Researchers at the University of Toronto, Canada, analyzed the data from 12 studies that included a total of over 72,000 people and collected such information as Body Mass Index and details of risk factors such as waist circumference, blood sugars, cholesterol scores, and blood pressures (Ann Intern Med 2013;159(11):758-769). Those with one or more risk factor (other than weight) were considered "metabolically unhealthy," while those with no risk factors (other than weight) were considered "metabolically healthy."

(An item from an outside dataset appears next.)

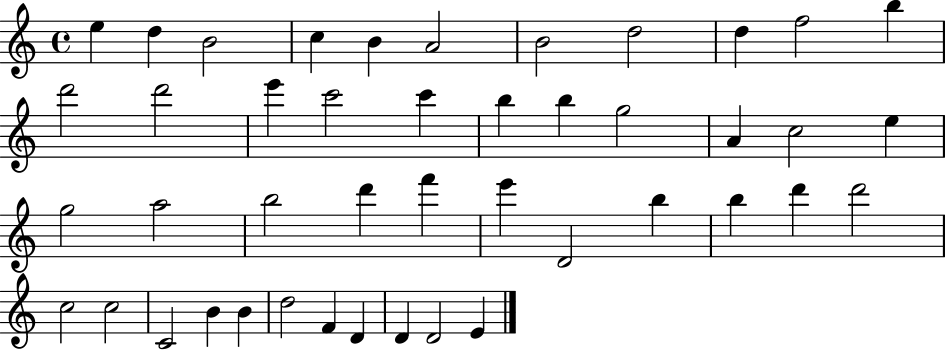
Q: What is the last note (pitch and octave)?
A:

When the researchers compared those considered metabolically healthy and of normal weight with those who were metabolically healthy and overweight or those metabolically healthy or obese, they found that over a ten-year period those who were metabolically healthy and obese were 24% more likely to experience a heart attack or stroke or to die of any cause.
It's clear that over the long term, being clinically obese (having a Body Mass Index over 30) puts you at a significantly greater risk of illness and death - and that's the practical definition of "unhealthy."
That said, what the news outlets did not tout with nearly as much glee is the comparison of those who were metabolically healthy and overweight (with a Body Mass Index between 25 and 30) with those who were metabolically healthy and of normal weight: their risk of heart attack or stroke or death from all causes was not increased.
While being obese in and of itself appears to be a risk factor, being overweight is not.
This does not mean that the definition of normal weight has suddenly increased from a Body Mass Index of 18 to 25 into the overweight area of 25 to 30. All this means is that if you are overweight and otherwise healthy, it is even more important for you to exercise and eat healthfully so that you remain metabolically healthy. We do know that losing weight will often help those who are metabolically unhealthy improve their scores in everything from blood sugars to cholesterol, so that doesn't mean you might not need to lose weight. Being metabolically healthy is not a "get out of jail free card" in terms of weight, whether you are obese or just overweight.